Ces limites et ces insondables mystères doivent être acceptés
et ne doivent surtout ni briser notre bel élan d'insatiable curiosité, ni
interrompre cette ultime forme d'aventure moderne qu'est la recherche en Mathématiques !
FIGURE 1 :
L'infiniment petit.
La Vie et l'Homme, la Terre est son berceau.
L'infiniment grand.
La Physique aujourd'hui, de 1.6 10-35 mètre (échelle de Planck) à 8.8 1026 mètres (horizon cosmologique)
et au-delà ("dans" le(s) Multivers).
FIGURE 2 :
Zoom sur une représentation tridimensionnelle de l'ensemble de Mandelbrot,
immergé dans des nuages fractals, avec visualisation des arguments dits de sortie.
- [01]
De façon très étonnante, Carl Sagan a commis deux arreurs mathématiques dans ce roman.
D'une part, il fait commencer la liste des nombres premiers à 1, alors que ce dernier
n'en est pas un -Contact, Editions Mazarine, page 84-.
D'autre part -Contact, Editions Mazarine, page 433-, il évoque un calcul de 'pi' en base 11 (au passage, il devrait
en fait s'agir de la base 2 puisqu'il ne veut voir que des "0"s et des "1"s dans les "décimales") révélant une suite particulière
qui, présentée bidimensionnellement, fait apparaître un cercle fait de "1"s sur un fond de "0"s. Pour Carl Sagan,
c'est alors la preuve du caractère intentionnel de l'Univers, ce cercle étant alors la "signature de l'Artiste".

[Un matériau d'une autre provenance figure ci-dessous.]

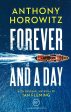 Forever And A Day (A James Bond Novel) For Discount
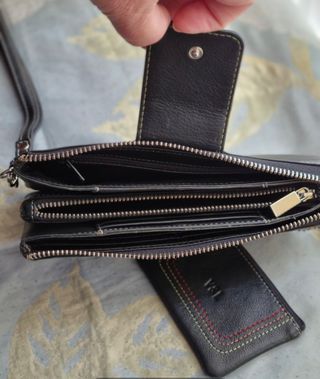 Cartera monedero Victorio & Lucchino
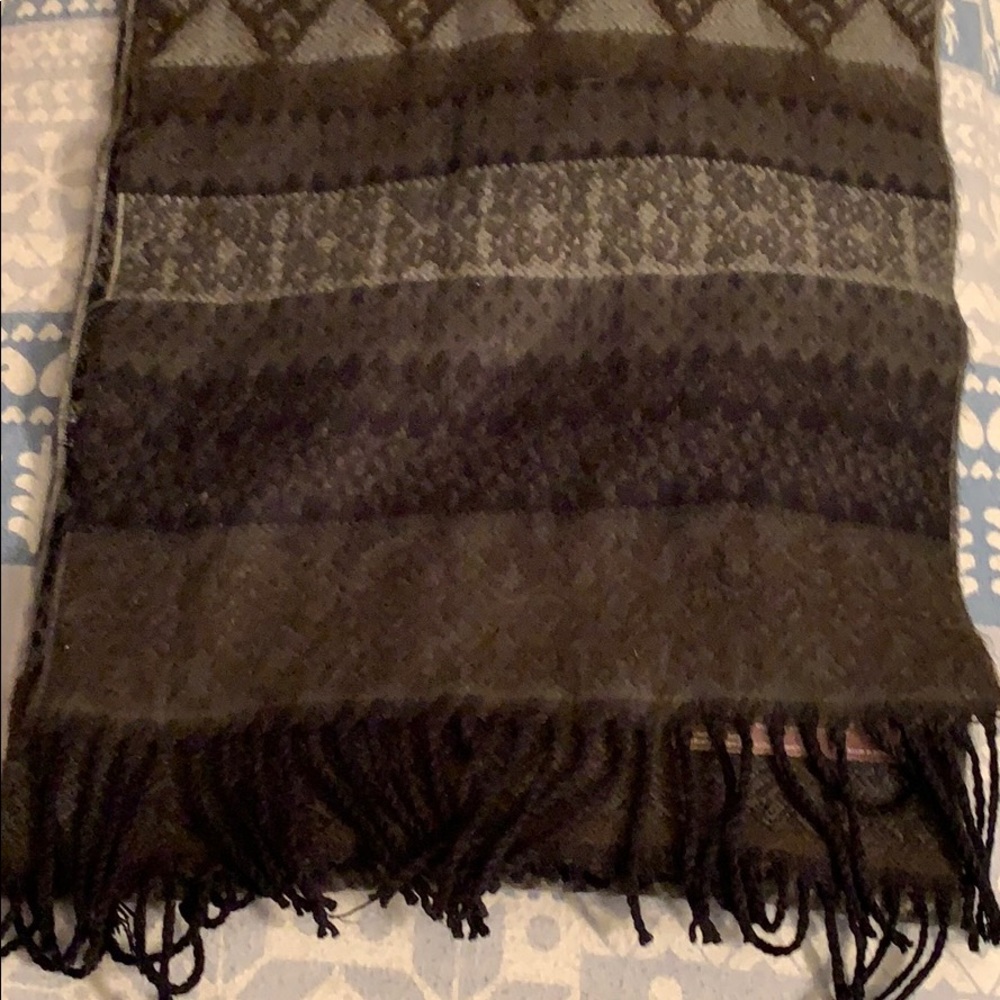 Better than Cashmere scarf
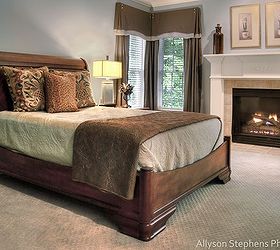 hi hometalkers check out my album of bonus rooms it s that one spare room in the, home decor, Guest I m All about bedding Great mattress ultra plush bedding down pillows Posted by Lee Anne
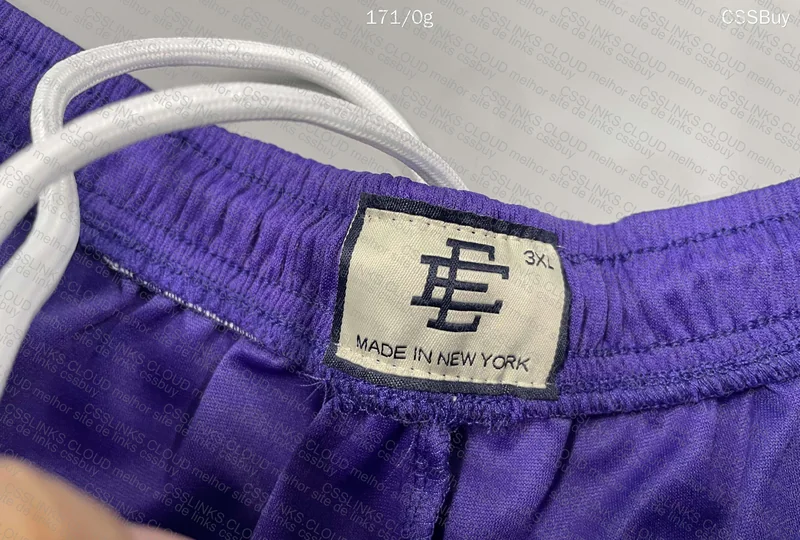 2 EE Shorts 4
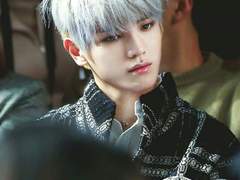 엔시티127 in 호그와트 05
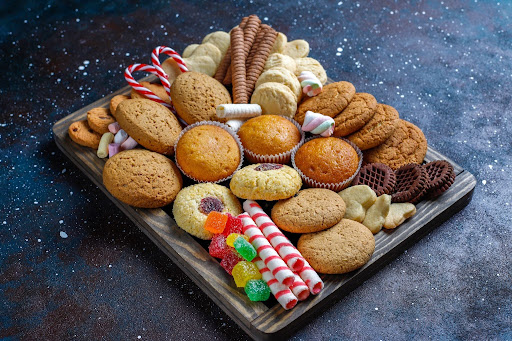 Best Desserts in Morristown NJ: Sweet Local Finds and Easy Ways to Choose Them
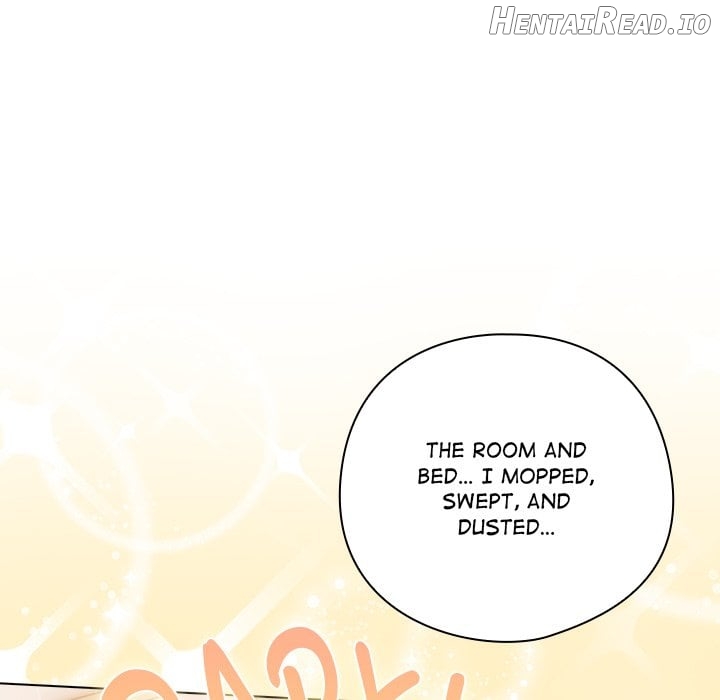 The Love Meowtchmaker Chapter 46 - page 105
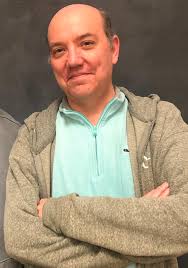 Conversations with Del Kary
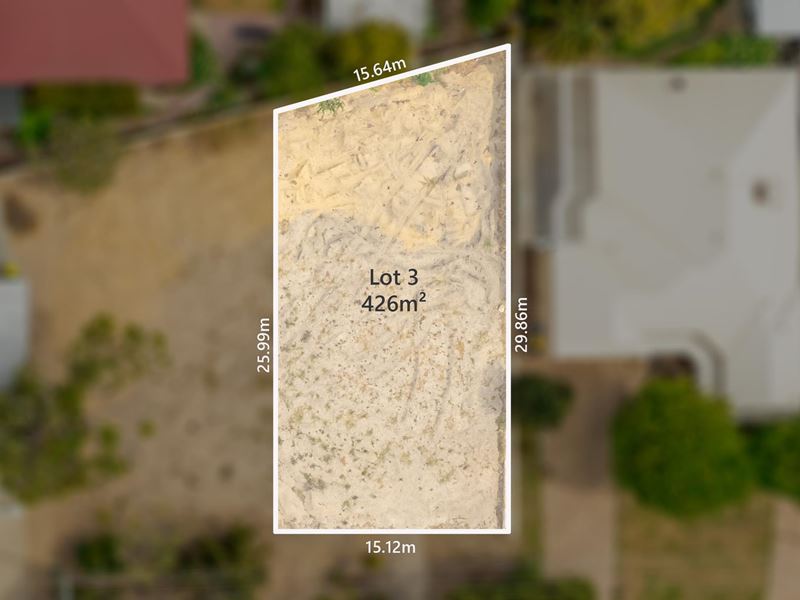 Lot 3/21 Ewing Crescent, Dawesville WA 6211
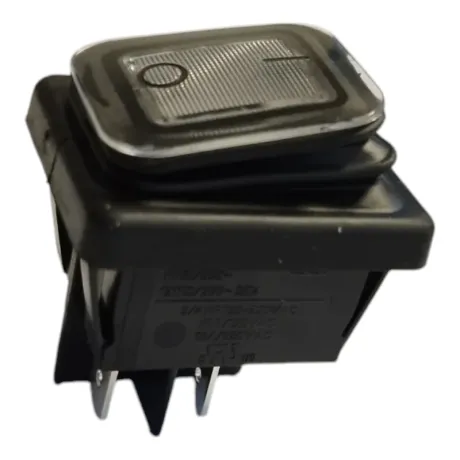 Przejdź do produktu Włącznik 16A, 230V - PIUSI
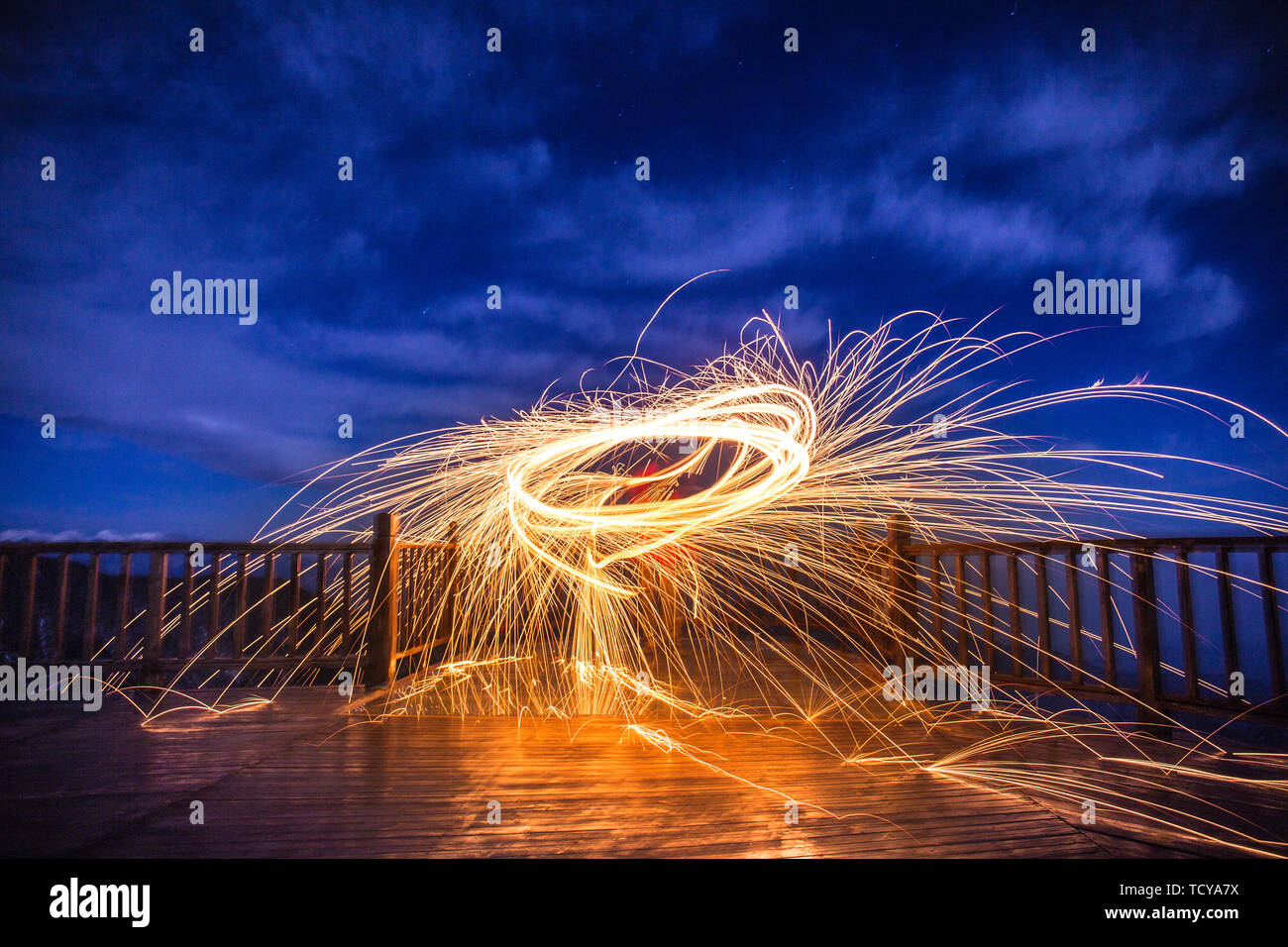 tai pak shan Stock Photo - Alamy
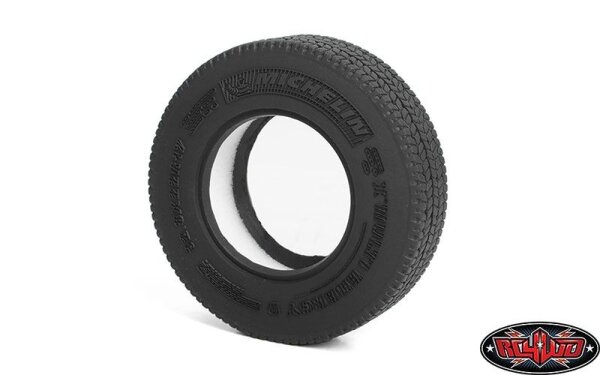 RC4WD Z-T0204 RC4WD Michelin X® MULTI ENERGY D 1.7 Scale Tires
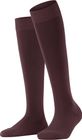Climawool Damen Kniestrümpfe
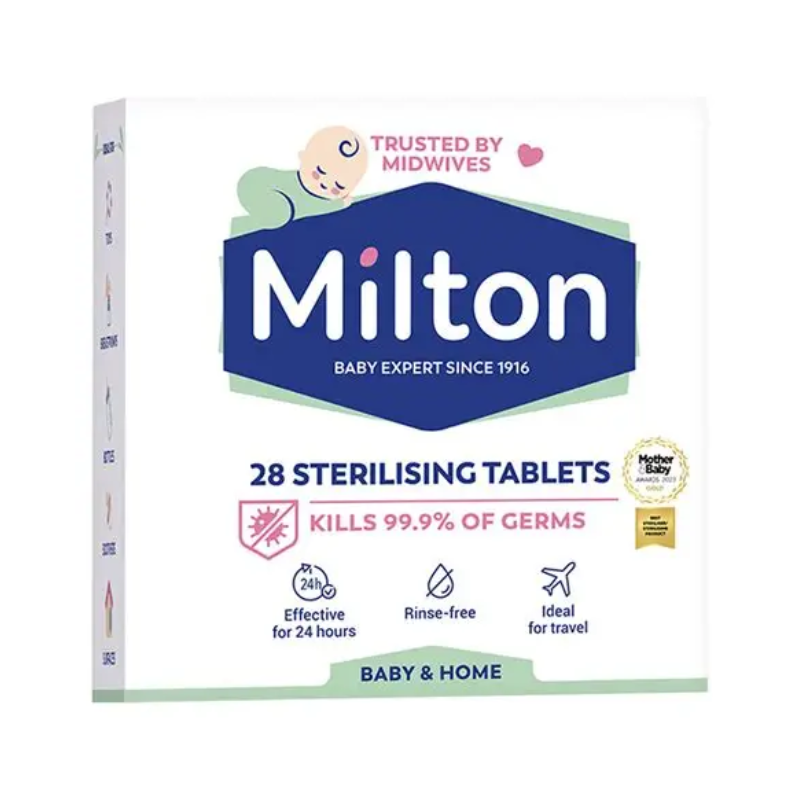 28 Sterilising Tablets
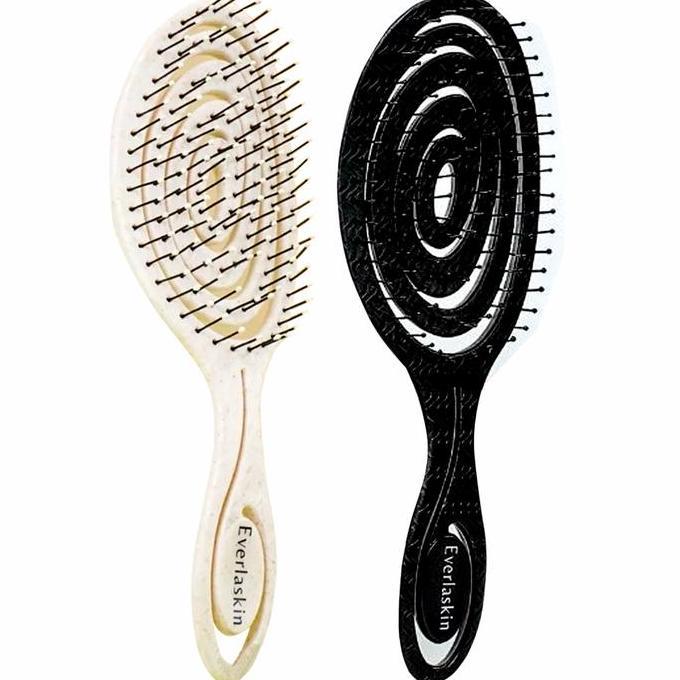 Everlaskin Gentle Detangling Brush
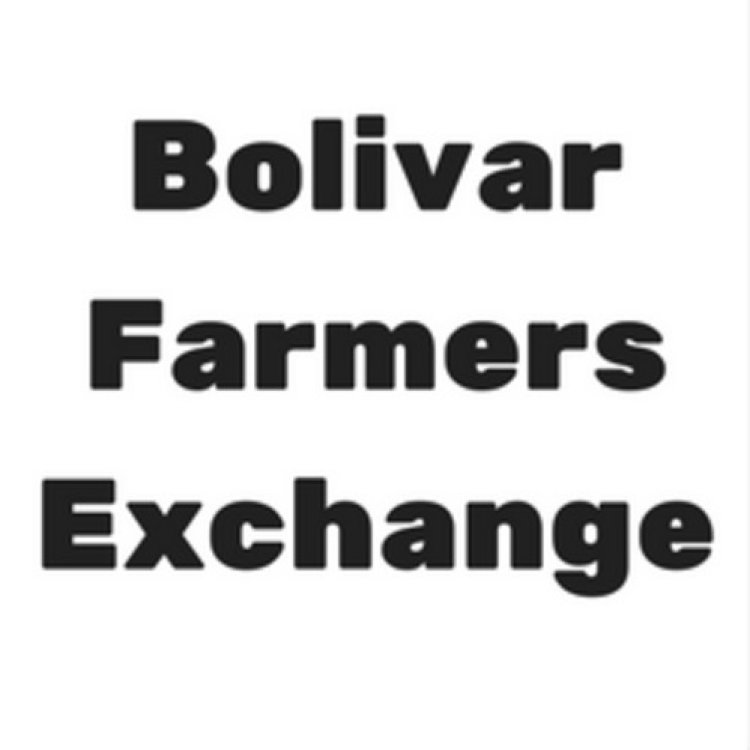 Bolivar Farmers Exchange Logo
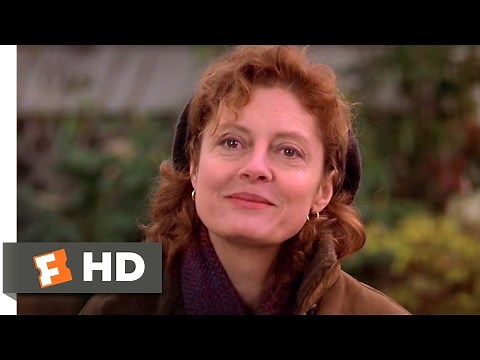 Stepmom (1998) - Are You Dying? Scene (4/10) | Movieclips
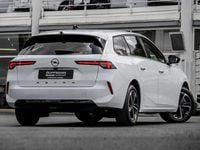 Usado Opel Astra S 131 HP (96 kW) 2024 Branco Carrinha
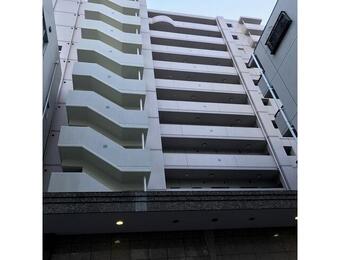 秀和溜池山王レジデンス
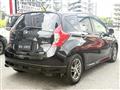2012 Nissan Note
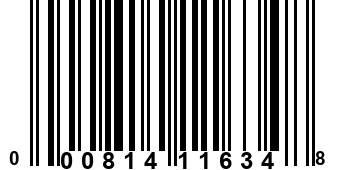 000814116348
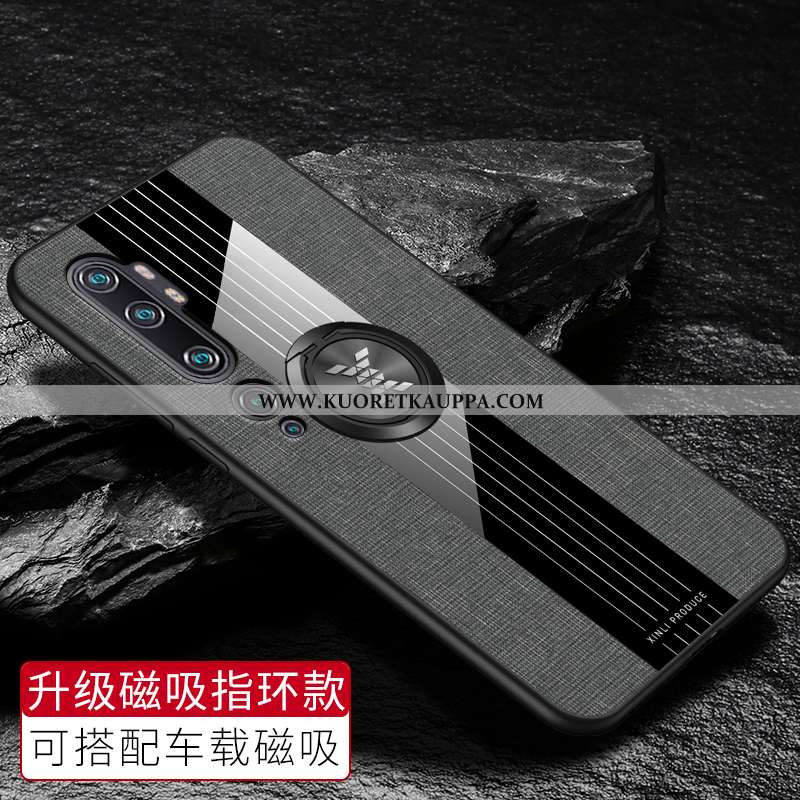 Kuori Xiaomi Mi Note 10, Kuoret Xiaomi Mi Note 10, Kotelo Xiaomi Mi Note 10 Persoonallisuus Luova Pu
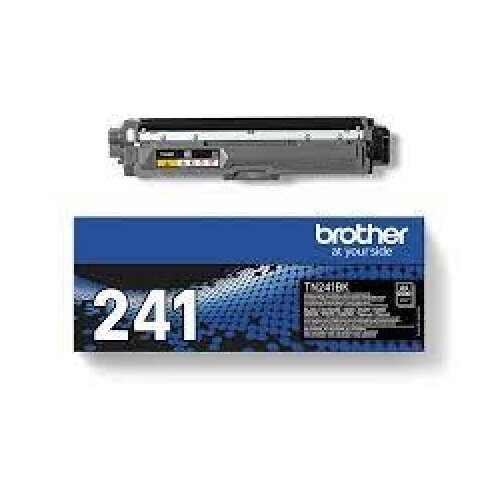 Brother TN-241 BK toner, (665121) Cene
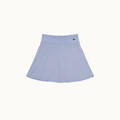 SAIA ESPORTIVA COM SHORT DE MALHA INTEGRADO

Or, 'pi' est fort probablement un nombre-univers
(cette propriété n'est encore qu'une conjecture en 2020).
Cette constante omniprésente serait alors un nombre dont les décimales contiendraient tous les nombres entiers, chacun étant d'ailleurs présent
une infinité de fois ! Cela signifie que tout objet numérique ou numérisé y figurerait : si 'pi' est bien ainsi,
alors il contient donc nécessairement une infinité d'images de cercles, mais aussi, par exemple, une infinité de reproductions de la Joconde,
une infinité de versions du Cid de Corneille dans une infinité de langues pour la plupart inexistantes,...
En fait, les nombre-univers sont infiniment nombreux
(le nombre de Champernowne en est certainement le meilleur et le plus simple exemple).